Renown Park is an inner northern suburb of Adelaide, South Australia. It is located in the City of Charles Sturt.

Geography
The suburb lies between Torrens Road and the Gawler railway line, which form its southwestern and eastern boundaries, respectively, with South Road intersecting the suburb in the east.

History 
The suburb was established in 1920. It emerged from the sale of land belonging to a John McQuillan upon his death. The land was described in an advertisement as "that fine level area just beyond the Ovingham railway-station". The suburb was named in 1920 shortly after the HMS Renown brought the Prince of Wales to Australia.

Demographics

The 2016 Census by the Australian Bureau of Statistics counted 1,697 persons in Renown Park on census night. Of these, 50.4% were male and 49.6% were female.

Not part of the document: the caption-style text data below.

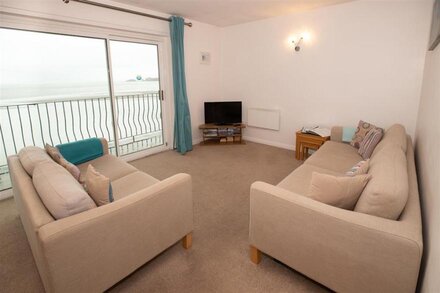 Apartment in Saundersfoot, West Wales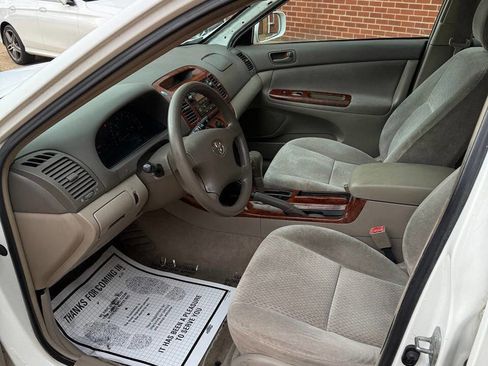 Used 2003 Toyota Camry LE FWD image 7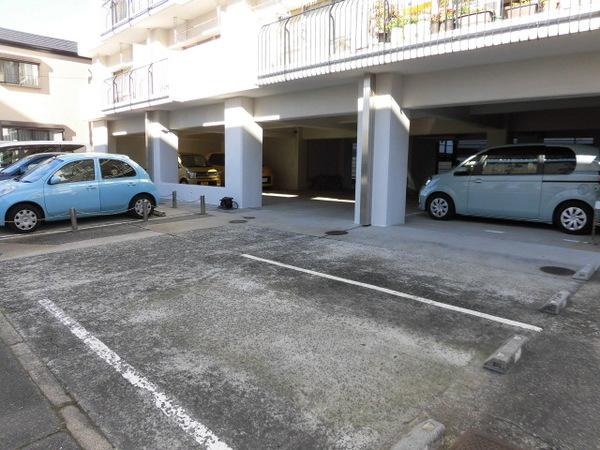 幹線谷津マンション 駐車場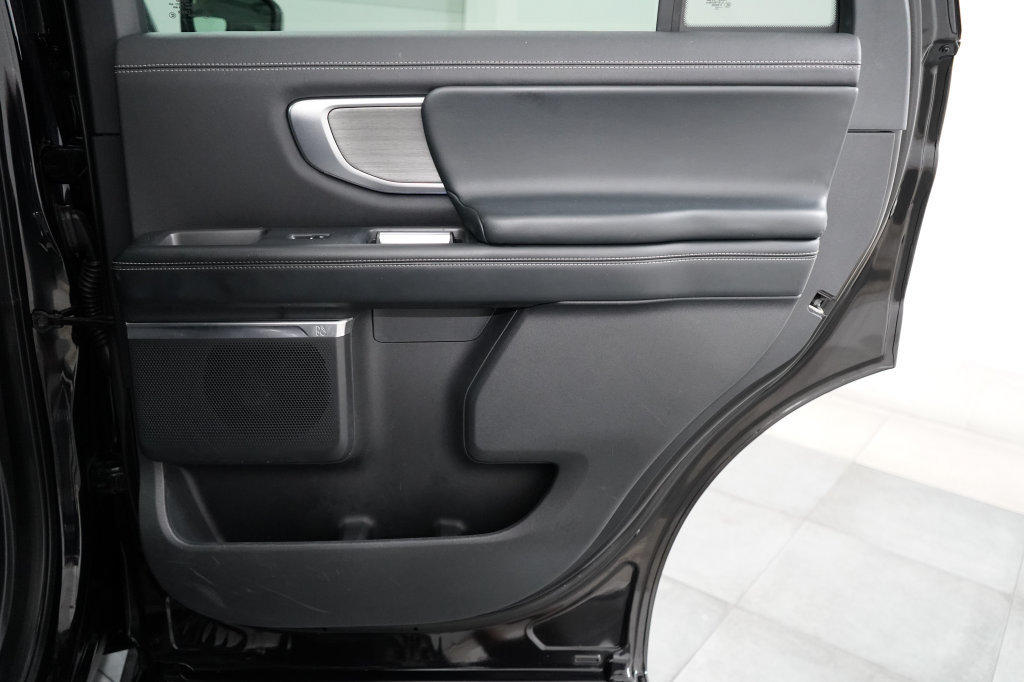 Certified 2025 Ford Expedition Platinum AWD/4WD image 33
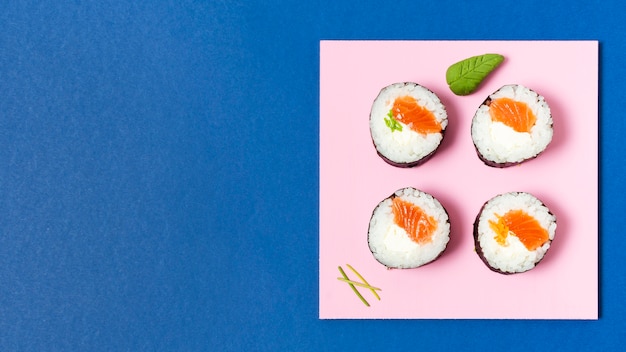 Plato de espacio de copia con rollos de sushi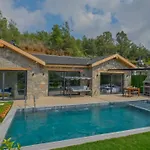 Guentekin Stone Villa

The majority of residents (54.2%) are of Australian birth, with other common census responses being Vietnam (7.6%), India (4.5%), China (3.8%), England (2.3%), and Greece (1.8). Additionally, people of Aboriginal and/or Torres Strait Islander descent made up 1.4% of the suburb.

In terms of religious affiliation, 30.8% of residents attributed themselves to being irreligious, 19.7% attributed themselves to being Catholic, 8.0% attributed themselves to be Eastern Orthodox, and 6.6% attributed themselves to being Buddhist. Within Renown Park, 87.4% of the residents were employed, with the remaining 12.6% being unemployed.

Community
The local newspaper is the Weekly Times Messenger. Other regional and national newspapers such as The Advertiser and The Australian are also available.

Schools
Brompton Primary School	is located on Napier Street.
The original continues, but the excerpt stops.